Among included patients, n = 34 (66.7%) were female and n = 17 (33.3%) were male. The median age of patients was 78 years (IQR 69–83 years). Arterial hypertension was the most prevalent comorbid disease (n = 45, 88.2%), followed by atrial fibrillation (n = 34, 66.7%). Hypercholesterolemia was found in n = 16 (31.4%) patients. Of the patients 10 (19.6%) had diabetes mellitus at the time of stroke diagnosis, 6 patients (11.8%) were current smokers, 8 patients (15.7%) were former smokers, and n = 37 patients (72.5%) had no smoking history. At the time of hospital admission, n = 45 (88.2%) patients received antihypertensive therapy, n = 13 (25.5%) patients received antiplatelet medication, and n = 20 (39.2%) patients received anticoagulant therapy. The median preprocedural systolic blood pressure was 161 mm Hg (IQR 150–178 mm Hg) and the median preprocedural diastolic blood pressure was 89 mm Hg (IQR 75–99 mm Hg). The median heart rate at baseline was 80 (IQR 71–96) beats per minute. Baseline clinical stroke severity as assessed by the NIHSS at hospital admission was 13 (IQR 8–17). The time of stroke onset was unknown in n = 17 patients (33.3%). Non-contrast computed tomography (NCCT) revealed a median baseline ASPECTS of 9 (IQR 8–9). A total of N = 34 (66.7%) patients were treated by EVT alone and n = 17 patients (33.3%) were treated by EVT with previous intravenous alteplase administration. The median time from symptom onset to groin puncture was 255 min (IQR 181–353 min). Invasive angiography confirmed the persistence of cerebral LVO in all patients and showed n = 15 (29.4%) intracranial ICA occlusions, n = 7 (13.7%) ICA‑T occlusions, n = 19 (37.3%) MCA-M1, and n = 17 (33.3%) MCA-M2 occlusions. The median invasive collateral score was 2 (IQR 0–3) [27]. Successful recanalization as assessed by the extended thrombolysis in cerebral infarction (eTICI) scale (eTICI ≥ 2b50) was achieved in 41 patients (80.4%) [28]. The median number of stent retriever passages required for recanalization was 2 (IQR 1–4). The median time interval from symptom onset to final recanalization was 336 min (IQR 274–462 min). No intraprocedural complications (e.g., thrombus fragmentation, vessel perforation or cerebral air embolism) were observed.

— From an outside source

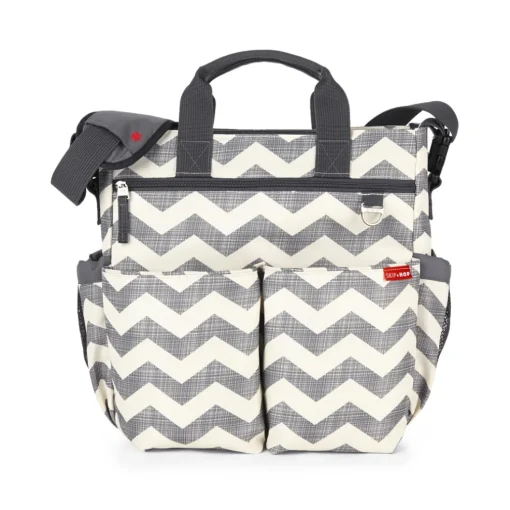 Skip Hop Duo Signature Diaper Bag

Radiological and Early Clinical Outcome

Median ASPECTS on follow-up imaging at 48 h after intervention was 8 (IQR 6–9) [29]. Follow-up CT imaging revealed intracranial hemorrhages as defined by the Heidelberg bleeding classification (HBC) in eight patients (15.7%) [30], three patients (5.9%) showed petechial hemorrhages (HBC classes 1a and 1b), one patient (2%) developed a large space-occupying intraparenchymal hematoma (HBC class 2), and subarachnoid hemorrhages (HBC class 3c) were observed in two patients (3.9%). Clinical stroke severity at 48 h after recanalization was reflected by a median NIHSS score of 9 (IQR 4–16). The median modified Rankin Scale (mRS) score at hospital discharge was 3 (IQR 1–4). Functional independence (mRS ≤ 0–2) was achieved in n = 20 (39.2%) patients and n = 7 patients (13.7%) died during hospital stay. All other patients (n = 44, 86.3%) were discharged either home, to a rehabilitation facility or to another hospital.

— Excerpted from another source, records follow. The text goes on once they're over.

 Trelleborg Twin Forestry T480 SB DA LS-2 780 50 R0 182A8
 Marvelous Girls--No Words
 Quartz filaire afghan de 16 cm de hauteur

ABG Analysis in the Ischemic and Systemic Circulation

A total of n = 102 matched regional ischemic (intravascular sample from within the collateral circulation distal to the occlusion site) and systemic arterial blood samples (physiological flow conditions at cervical ICA level) were drawn from n = 51 LVO stroke patients. The data on ABG analysis of both sampling sites are presented in Table 2 and summarized in supplemental Fig. 1.

The following ABG parameters were examined: pH, paCO2, paO2, BE (B), HCO3 std, and sO2. Significantly more alkaline conditions were present within collateral blood vessels (pHischemic = 7.38 vs. pHsystemic = 7.37; p = 0.0019). Concomitantly, the oxygen partial pressure was significantly decreased under vascular occlusion as compared to systemic level (paO2ischemic = 185.3 mm Hg vs. paO2systemic = 193.6 mm Hg; p = 0.035). By contrast, there were no sampling site-related differences in carbon dioxide partial pressure (paCO2ischemic = 36.94 mm Hg vs. paCO2 systemic = 38.62 mm Hg; p = 0.16), standard bicarbonate (HCO3 stdischemic = 22.1 mmol/L vs. HCO3 stdsystemic = 21.82 mmol/L; p = 0.52), and buffer base concentrations (BEischemic = −3.04 mmol/L vs. BEsystemic = −3.28 mmol/L; p = 0.64). Likewise, we found no differences in oxygen saturation of hemoglobin (sO2ischemic = 98.67% vs. sO2systemic = 98.84%; p = 0.16).

We assessed the following ion parameters: Na+ ion concentration, K+ ion concentration, Na+:K+ ratio, iCa2+ ion concentration and Cl ion concentration. The were no significant differences in sodium concentrations between the sampling sites (Na+ischemic = 138.5 mmol/L vs. Na+systemic = 137.6 mmol/L; p = 0.11). By contrast, potassium concentrations were significantly decreased within the hemodynamically compromised collateral circulation as compared to systemic levels (K+ischemic = 3.44 mmol/L vs. K+systemic = 3.64 mmol/L; p = 0.0083). Consistently, the regional ischemic Na+:K+ ratios were significantly increased (Na+:K+ ratioischemic = 41.74 vs. Na+:K+ ratiosystemic = 40.38; p = 0.0048). There were no significant differences between ischemic and systemic ionized calcium (iCa2+ischemic = 1.11 mmol/L vs. iCa2+systemic = 1.12 mmol/L; p = 0.26) and chloride concentrations (Clischemic = 107.7 mmol/L vs. Clsystemic = 107.00 mmol/L; p = 0.42).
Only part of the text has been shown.